Could you return all of the entries below exactly, minus the pictures?
======== Data section ========
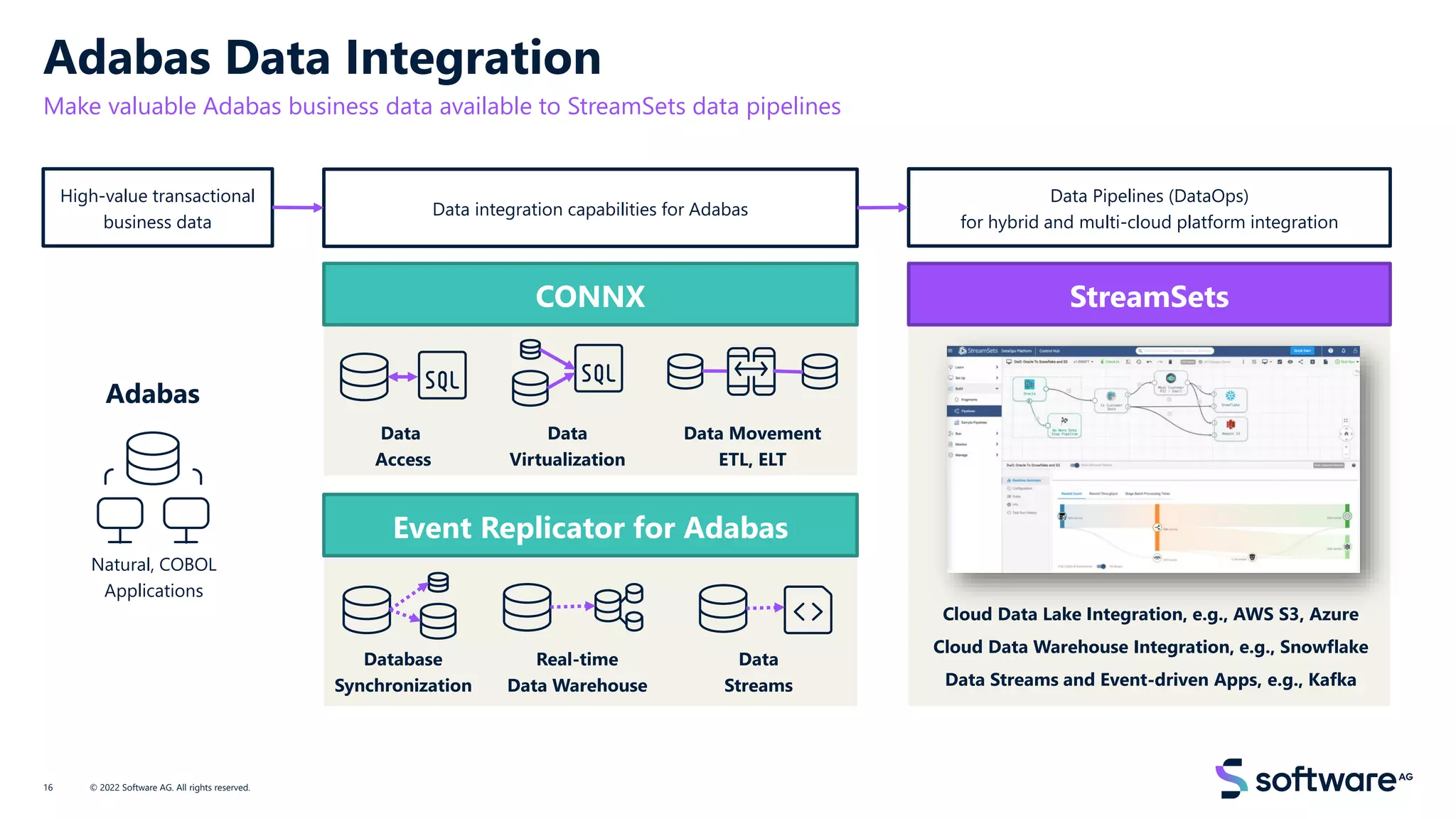 Adabas Data Integration
Make valuable Adabas business data available to StreamSets data pipelines
© 2022 Software AG. All rights reserved.
16
High-value transactional
business data
Data integration capabilities for Adabas
Data Pipelines (DataOps)
for hybrid and multi-cloud platform integration
CONNX StreamSets
Adabas
Natural, COBOL
Applications
Data
Access
Data
Virtualization
Data Movement
ETL, ELT
Event Replicator for Adabas
Cloud Data Lake Integration, e.g., AWS S3, Azure
Cloud Data Warehouse Integration, e.g., Snowflake
Data Streams and Event-driven Apps, e.g., Kafka
Database
Synchronization
Real-time
Data Warehouse
Data
Streams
========
Task result:
 Adabas Data Integration
Make valuable Adabas business data available to StreamSets data pipelines
© 2022 Software AG. All rights reserved.
16
High-value transactional
business data
Data integration capabilities for Adabas
Data Pipelines (DataOps)
for hybrid and multi-cloud platform integration
CONNX StreamSets
Adabas
Natural, COBOL
Applications
Data
Access
Data
Virtualization
Data Movement
ETL, ELT
Event Replicator for Adabas
Cloud Data Lake Integration, e.g., AWS S3, Azure
Cloud Data Warehouse Integration, e.g., Snowflake
Data Streams and Event-driven Apps, e.g., Kafka
Database
Synchronization
Real-time
Data Warehouse
Data
Streams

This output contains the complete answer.